Most data sets are limited to white populations, usually of European descent, so the results for other racial groups might differ. We aim to investigate the association of this locus with CAD in 12 case–control studies of East Asians and undertook a meta-analysis for effect size, heterogeneity, publication bias, and strength of evidence. The SNP rs1333049 was also part of the previous meta-analysis by Schunkert et al. [24, 25]. In that report, the overall OR was 1.29 with a 95 % CI of 1.22–1.37, virtually identical to our current result. In our research, for rs1333049 (8 data sets), we received the similar result that the summary OR was 1.29 (95 % CI, 1.23–1.36, P = 0.001). The OR associated with rs2383206 was 1.24 (95 % CI, 1.18–1.31, P = 0.001). It was lower than rs2383206 analyzed in Europe population (OR = 1.28 (95 % CI, 1.22–1.35, P = 1.64 × 10−20), by Michael Preuss et al.). The OR associated with rs10757278 was 1.34 (95 % CI, 1.21–1.50, P = 0.001). It was higher than rs10757278 analyzed in Europe population (OR = 1.28 (95 % CI, 1.21–1.35, P = 1.64 × 10−20), by Michael Preuss et al.).

HapMap data suggests that rs10757274 and rs2383206 were located within 20 kb of each other on chromosome 9p21 and were in strong linkage disequilibrium (r 2 = 0.89) in North American population [5], and the five SNPs (rs2383206, rs2383207, rs10757274, rs10757278, and rs1333049) are in 1 block, and the D’ between each of the 5 SNPs was 1.0 in Chinese Han origin [13]. In our study, we identified one haploblock in the 9p21 region (rs10757274, rs2383206, rs10757278, and rs1333049) in Chinese population, and it’s similar to previous North American population study. On the basis of the stringent analysis of these SNPs and replication in our research, we are confident that 9p21 region is a strong candidate locus for CAD susceptibility in the Chinese population. Figure 5 shows the results of haplotype analysis for the SNPs examined. And then we calculated possible haplotype frequency of 8 loci in 9p21, using haploview and SAS software. Using the genotypes of 1,185 persons, we defined the haploblock structure of SNPs within the region of 9p21 in the Chinese population. By defining a solid spine of LD as D′ > 0.90, we identified one haploblock in the 9p21 region.

Fig. 5
figure 5

Pair-wise LD among eight SNPs in 9p21 in the China population.

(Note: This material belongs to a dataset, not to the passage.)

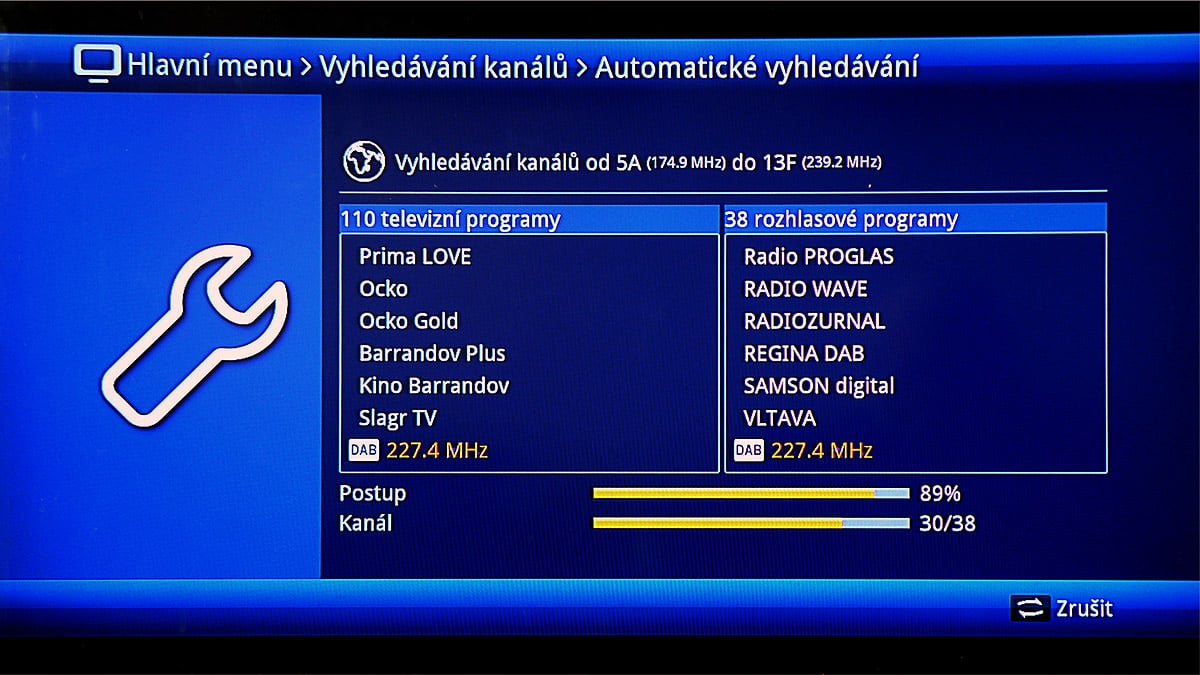 TechniSat DigiPal DAB+ - instalace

The numbers inside the squares are D′ × 100

The region of chromosome 9p21 contained the coding sequences of gene for 2 cyclin-dependent kinase inhibitors, CDKN2A and CDKN2B, which played an important role in the regulation of the cell cycle and would be implicated, through their role in transforming growth factor (TGF)-β-induced growth inhibition, in the pathogenesis of atherosclerosis [13, 2628]. Given the strong implication of this genomic region in CHD, the exact molecular mechanism of its involvement remains to be confirmed. McPherson et al. [7] resequenced the coding regions of the 2 genes most proximal to the risk locus and found no explanation of the CHD risk associated with this locus. However, the same region has recently been associated with increased susceptibility to type 2 diabetes [29, 30]. These results suggest that the region of 9p21 plays a role in multiple complex diseases. Further studies should focus on the identification of the underlying mechanism at this locus of CHD. In addition, the interactions between gender, smoking, and overweight with these SNPs need to be replicated in other populations.